The controversy originated with a report in the Brazilian publication, Folha. You can find a lengthy and detailed examination of the issues here. But to summarize, suffice it to say that there was some debate as to whether the mechanics of making donations during gameplay were confusing, potentially resulting in some of the money intended for relief to instead be applied to users' accounts for the gaming itself.
Regretfully, the two relevant posts published here on Social Media Today did not accurately articulate the nature of that controversy. Worse, the tone of the posts implied that Zynga had admitted to wrongdoing, casting the company in a negative light.
In the best of circumstances, it's challenging to ensure 100% accuracy on a site that publishes user contributed content. What makes this situation particularly unfortunate is that, at the center of this controversy is a sincere, well-intentioned, and ultimately wildly successful campaign by Zynga to help those in urgent need in Haiti. This campaign that was not the product of Zynga the corporation so much as a product of the game players and the people who work there, people who saw suffering and wanted to do something to make it better.
Even the best-administered charitable campaigns are imperfect. We know that Zynga is looking closely at how it can make future initiatives like this more transparent and efficient. Most recently they ran a campaign in which they gave 100% of all donations for Haitian earthquake relief, raising approximately $1.5 million, a staggering figure.
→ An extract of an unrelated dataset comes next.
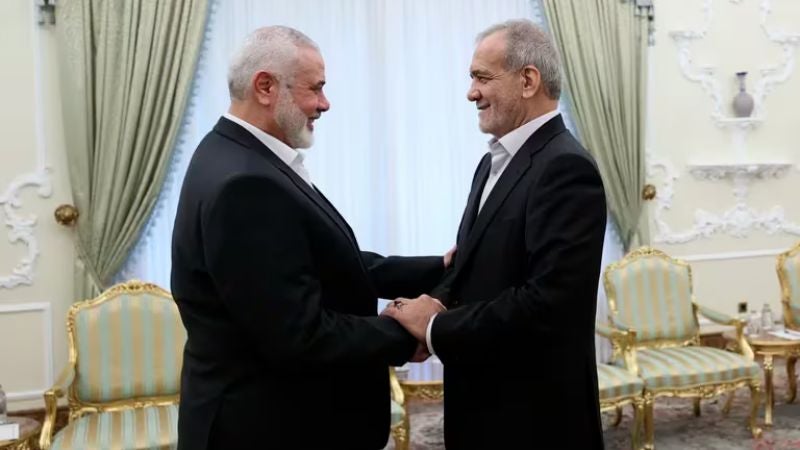 Grupo terrorista Hamás confirma muerte de su líder Ismail Haniyeh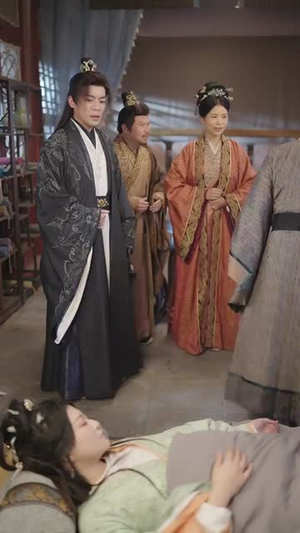 兼祧两房后夫君回来了（80集）更新时间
Zynga, of course, contacted Social Media Today and asked us to address the issue. But we want to make it clear that this clarification is not written under any duress. The fact that we published material that muddied the waters in a way that called into question people's best intentions and, worse, could make people leery of being generous in the future, is absolutely unacceptable to us. And we want to do what we can to make it right.
We're usually proud to see the posts on this site heavily tweeted and shared. Not so the two problematic posts at issue here. I hope everyone reading this will help us by giving this post equal “burn." And here at Social Media Today, we will continue to do all we can to live up to the values of our members.